TASK STATEMENT: Take the line that contains "DJ Antoine/Mad Mark If You Want My Love" and every line below it to the end of the entries, and give them again exactly, leaving out any pictures.

LISTED ENTRIES:

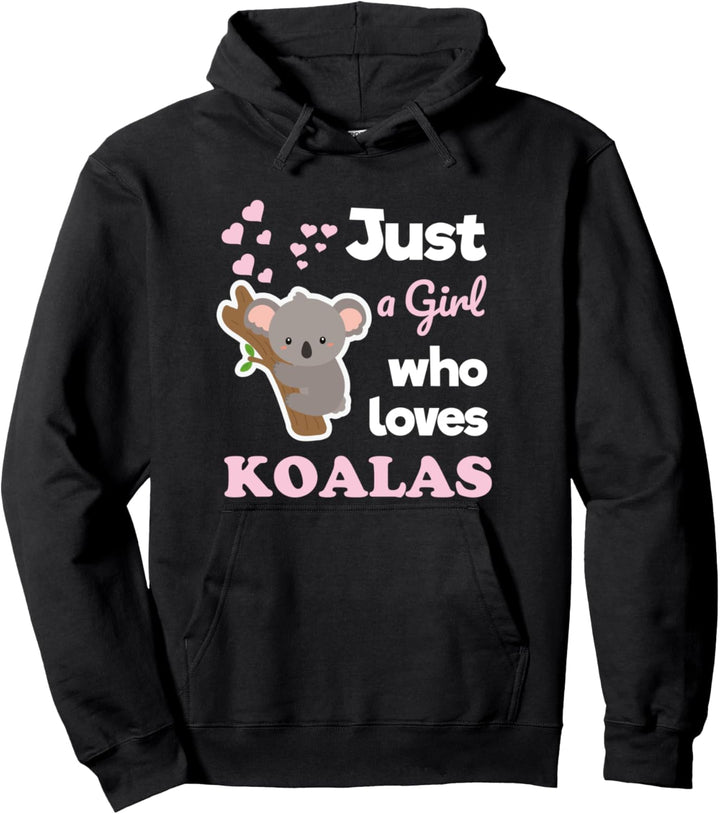 Girls Koala Lover Just a Girl Who Loves Koalas Pullover Hoodie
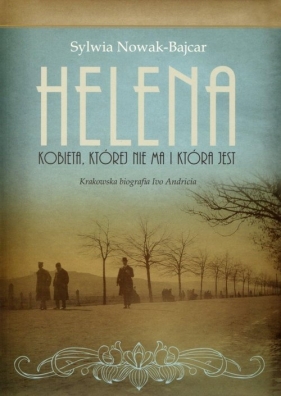 Helena Kobieta której nie ma i która jest - Nowak-Bajcar Sylwia<br />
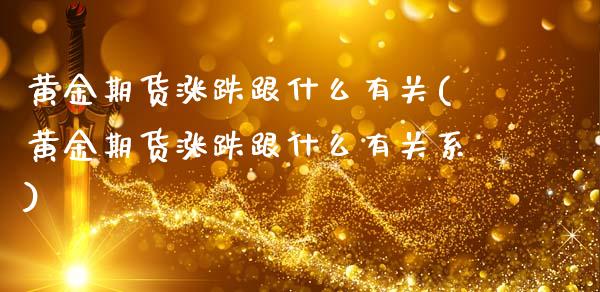 黄金期货涨跌跟什么有关(黄金期货涨跌跟什么有关系)_https://www.zghnxxa.com_期货直播室_第1张
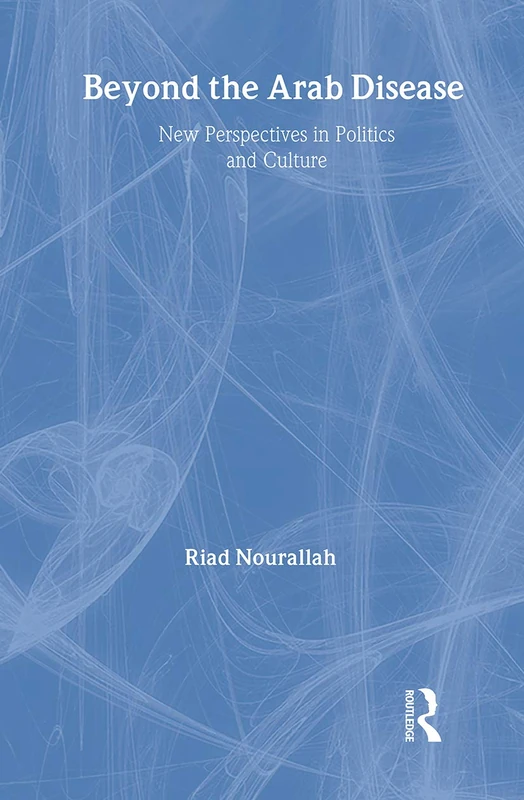 Routledge Beyond the Arab Disease - Middle East Politics Book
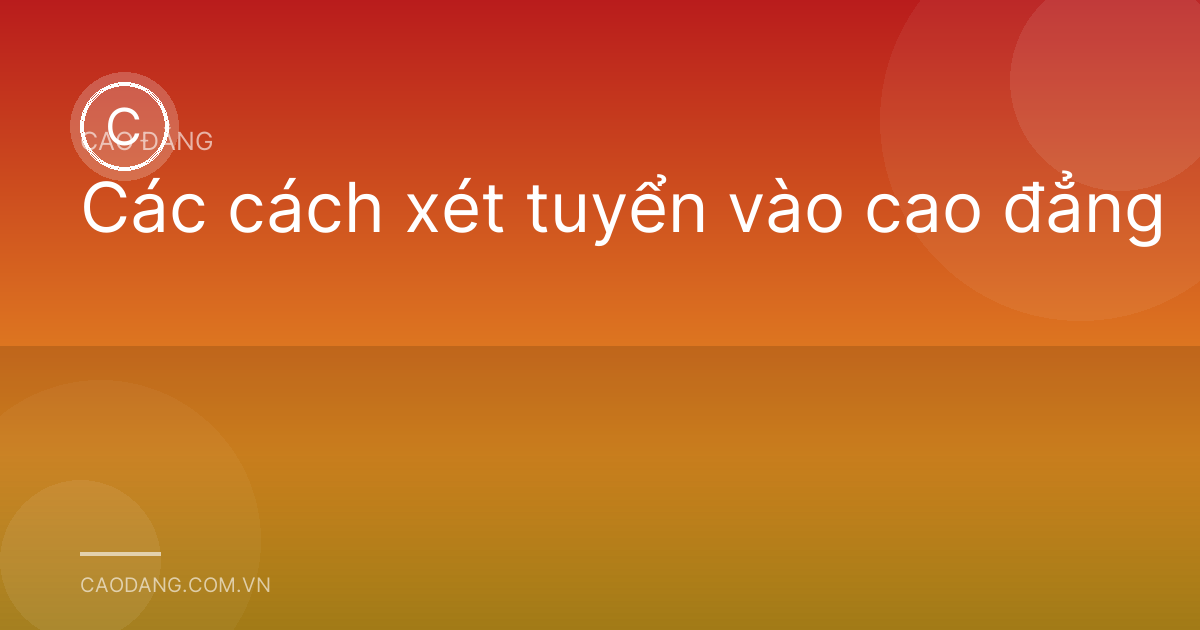 Các cách xét tuyển vào cao đẳng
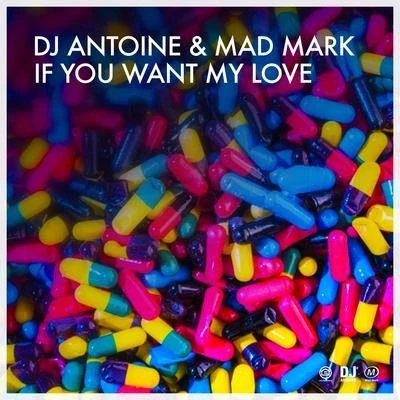 DJ Antoine/Mad Mark If You Want My Love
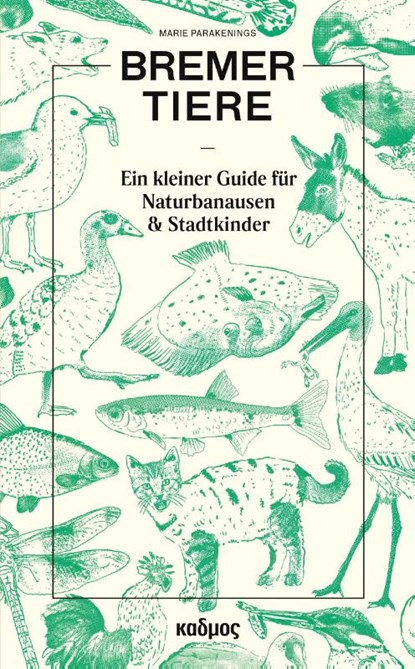 Bremer Tiere, Marie Parakenings - Gebonden - 9783865996022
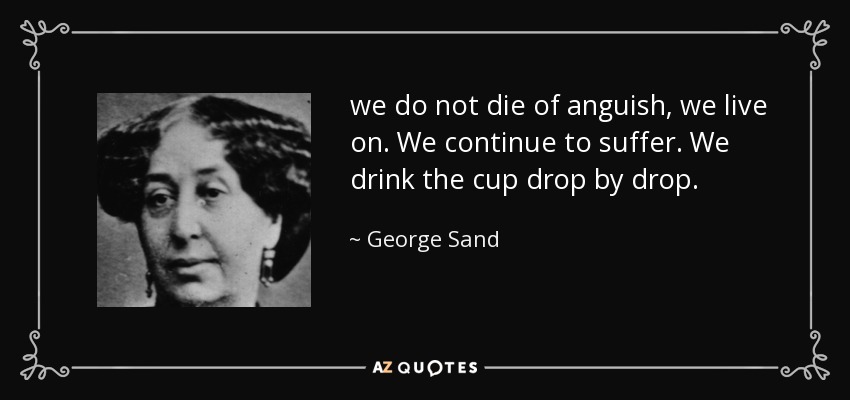 we do not die of anguish, we live on. We continue to suffer. We drink the cup drop by drop. - George Sand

RESULT FOR THIS EXERCISE:
 DJ Antoine/Mad Mark If You Want My Love
 Bremer Tiere, Marie Parakenings - Gebonden - 9783865996022
 we do not die of anguish, we live on. We continue to suffer. We drink the cup drop by drop. - George Sand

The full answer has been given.